The undisputed facts established that the controlling individuals of the parties met on 8 December 2015 and reached agreement on the sale of shares and on the terms of glass supply, including prices recorded on a signed price list. Contemporaneous emails from both men to their solicitor confirmed the agreements reached.
The court carefully evaluated the credibility and reliability of the witnesses. It preferred the Plaintiff’s managing director’s evidence, finding it clear, consistent, and supported by contemporaneous documentation and aspects of the Defendant’s own evidence. The Defendant’s evidence was found to be inconsistent, unreliable, and at times indicative of dishonesty, particularly regarding the claimed lack of agreement and the alleged post-meeting telephone call to the solicitor denying the agreement.

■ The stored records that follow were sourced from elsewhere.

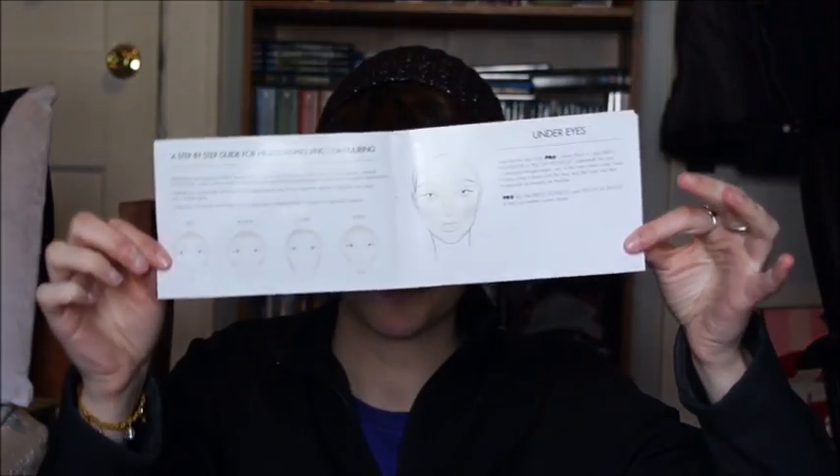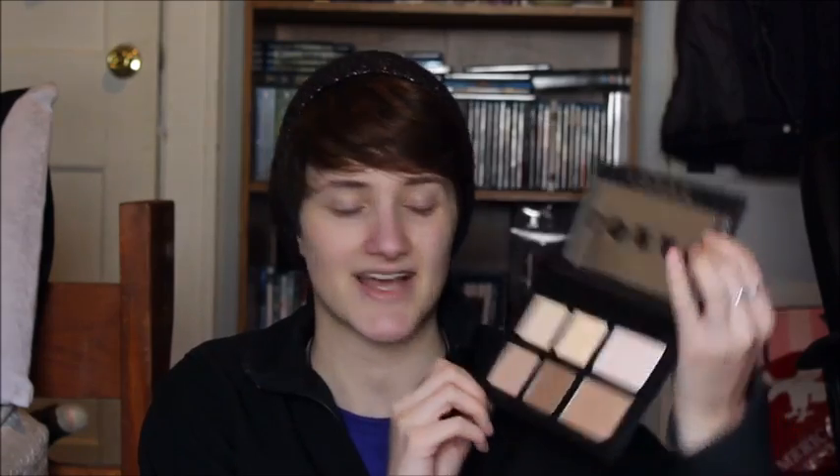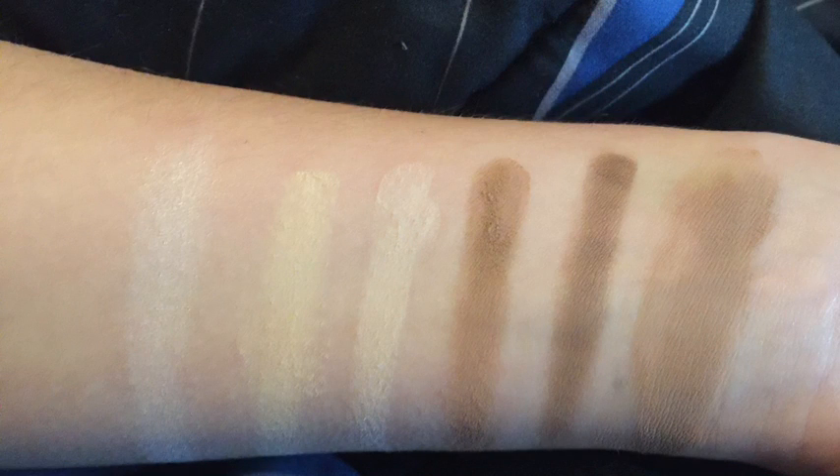Next, I have stuff from Ulta. First off, I'll talk about this — it's the Lorac Pro Contour Palette, and what's really neat about this is it has a booklet of, like, what to do, what not to do, that sort of thing, and I think it's really cool. I'm going to maybe reference it. But here's the palette itself. I love the Lorac packaging — it's very sleek and probably really travel friendly. I will incorporate swatches so you should see them, and I think everything is just really pretty. I'm really excited to try that.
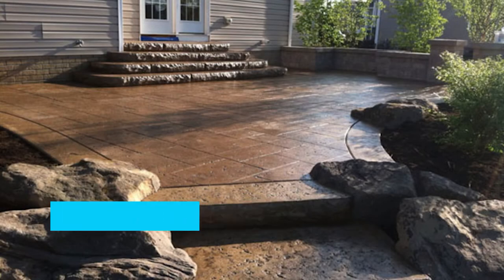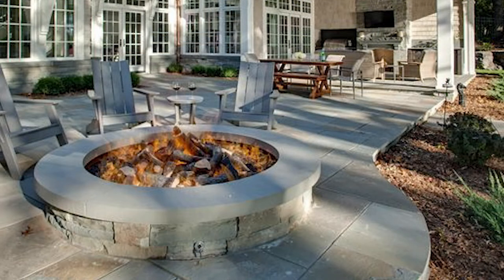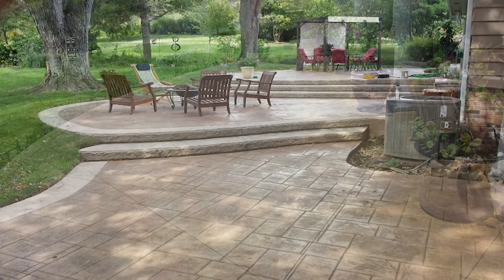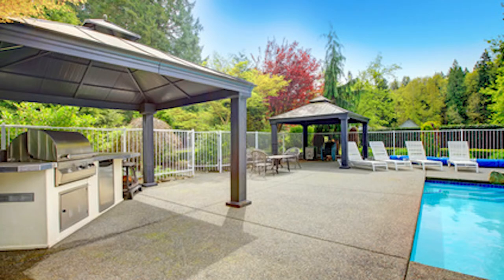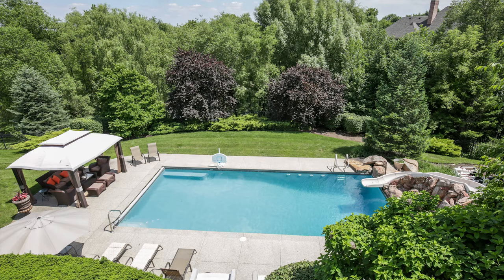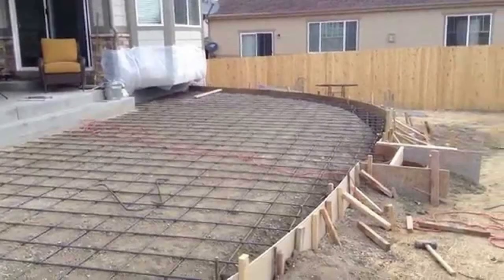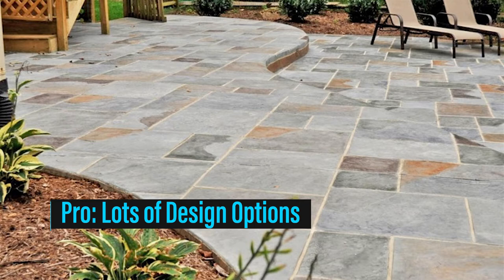Durability: even though concrete patios can crack and chip, as a whole poured concrete is highly durable and will last for decades. Unlike natural stone, brick, or pavers, a concrete slab won't shift, and with the addition of rebar it'll make a large pour even stronger. Day-to-day maintenance is simple — you sweep, hose, and you're done. But repairs are a con: in geographical areas that experience extreme high or low temperatures, concrete is more prone to cracking. Cracks can be costly and difficult to repair, sometimes requiring a major portion of concrete to be torn up and poured again.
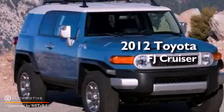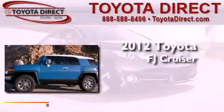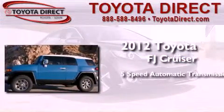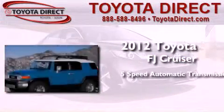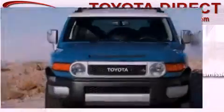This is a brand new 2012 Toyota FJ Cruiser. This SUV has a 5-speed automatic transmission, a 4.0-liter V6, and the added safety and control of 4-wheel drive.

The court rejected the Defendant’s contention that the parties intended to be bound only upon execution of a formal written contract. It found no objective evidence to support this, noting that neither party mentioned the necessity of a written agreement at the meeting, and that the Defendant began making payments before the share purchase agreement was signed. The solicitor’s emails likewise did not anticipate that a written agreement was necessary to bind the parties.

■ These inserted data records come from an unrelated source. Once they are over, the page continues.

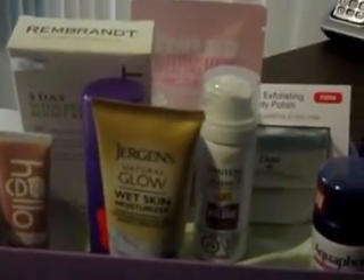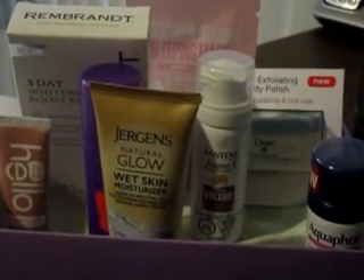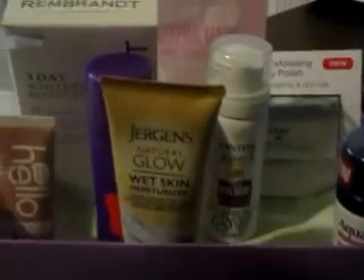Today I received my beauty box from Walmart. They have a subscription service where they email you to let you know your beauty box is coming and charge your account for it. I think I paid five dollars — something like that.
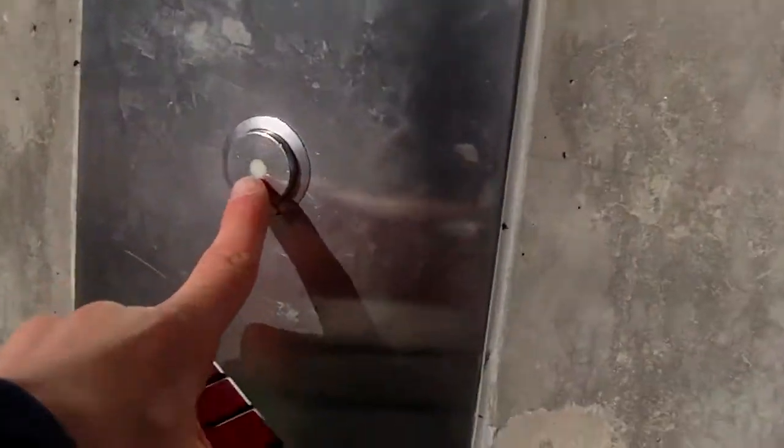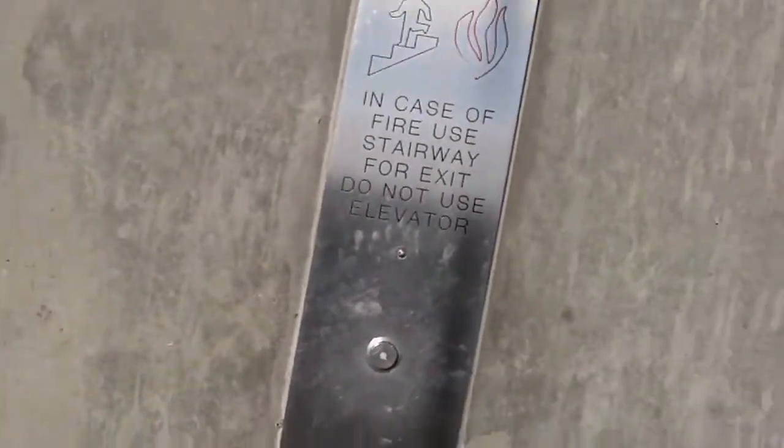I don't know where the elevator is. The button doesn't light up, and I don't even know if the elevator is coming up here. I hear one. I don't know if we're using elevator number one or two. That scared me.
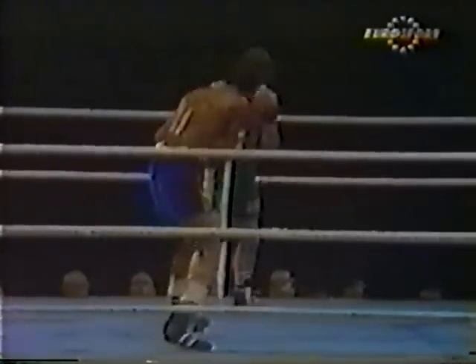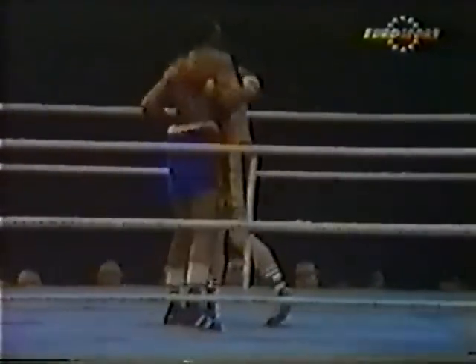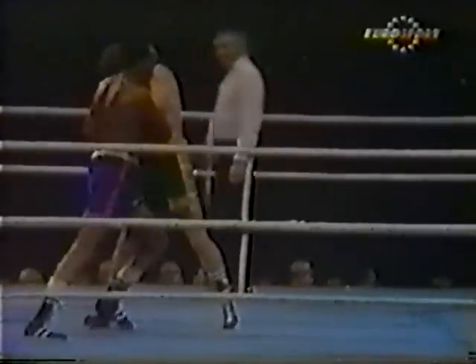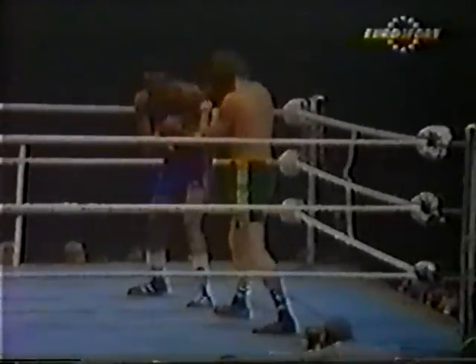Ground four coming up. Jack Finnegan has already felt the full power of those jolting left leads, and he's felt what looked like one of Foster's best rights as well.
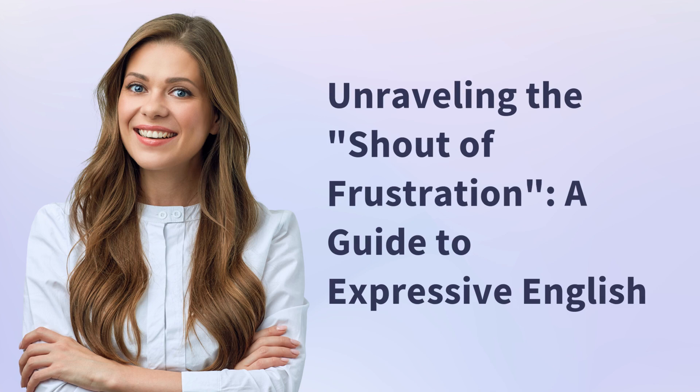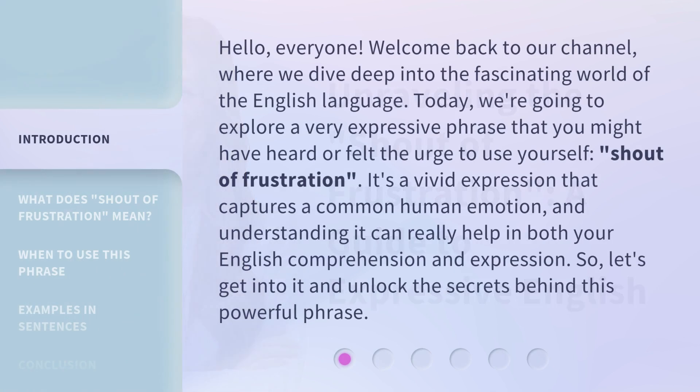Unraveling the Shout of Frustration: a guide to expressive English. Hello, everyone. Welcome back to our channel, where we dive deep into the fascinating world of the English language.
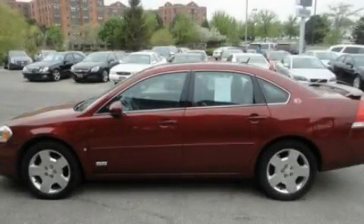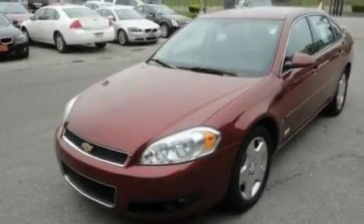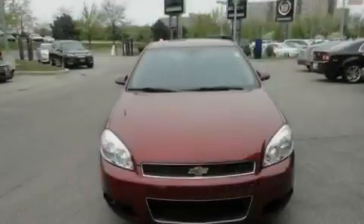This is a 2007 Chevrolet Impala. It features a 5.3-liter, eight-cylinder engine and an automatic transmission.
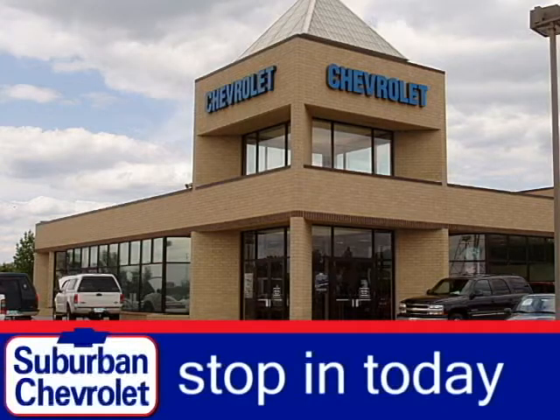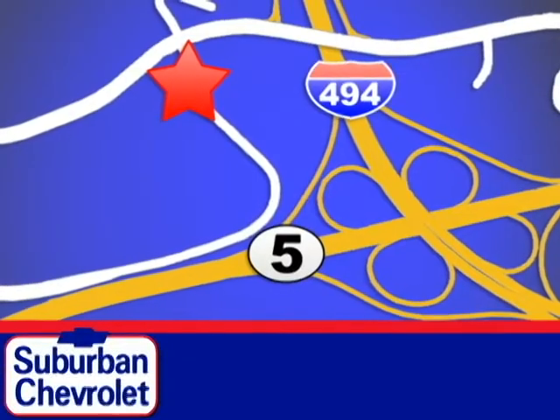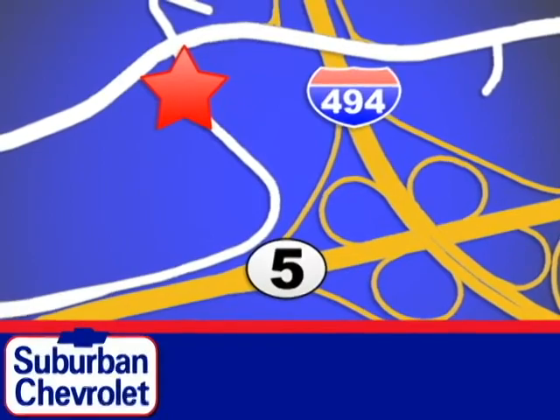Stop in today for a no obligation test drive and shop over 16 acres of inventory. We are conveniently located in Eden Prairie at Highway 494 and Highway 5.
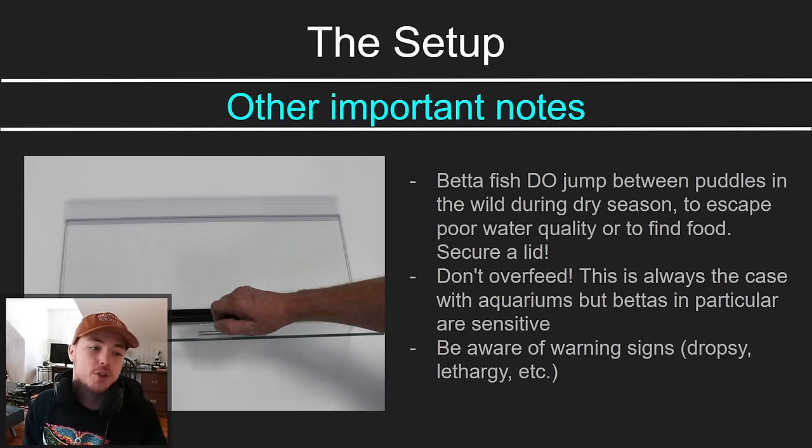Don't overfeed. These fish are not good at dealing with overfeeding — and that's true of most aquarium fish, but betta fish in particular are very sensitive to that. Feed them little bits at first and see that they're still going for all the food. If it's a sinking-type food, they should be hitting it before it ever hits the ground. If they're scrounging for it later, you're feeding too much.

The court distinguished the case from precedents where agreements were void for uncertainty or dependent on further negotiations. It found that the essential terms of the exclusivity contract were agreed: parties, subject matter, duration, and price. The court held that the contract was sufficiently certain to be enforceable and that the parties had concluded a binding, choate contract.
Finally, the court addressed procedural objections and evidential challenges, ruling on the admissibility and weight of evidence accordingly, and rejected submissions that the Plaintiff’s evidence was incredible due to lack of cross-examination on some points.
Holding and Implications
The court held that a choate, binding, and enforceable contract was concluded between the parties on 8 December 2015, and that the terms of that contract included the Defendant’s agreement to purchase all its glass exclusively from the Plaintiff until 31 December 2020 at the agreed prices.
The court repelled the Defendant’s pleas in law and confirmed the existence and terms of the contract.
The direct effect of this decision is to establish the enforceability of the exclusivity agreement and the share purchase arrangement between the parties. No broader legal implications or new precedents were established beyond the application of existing contract law principles to the facts of this case.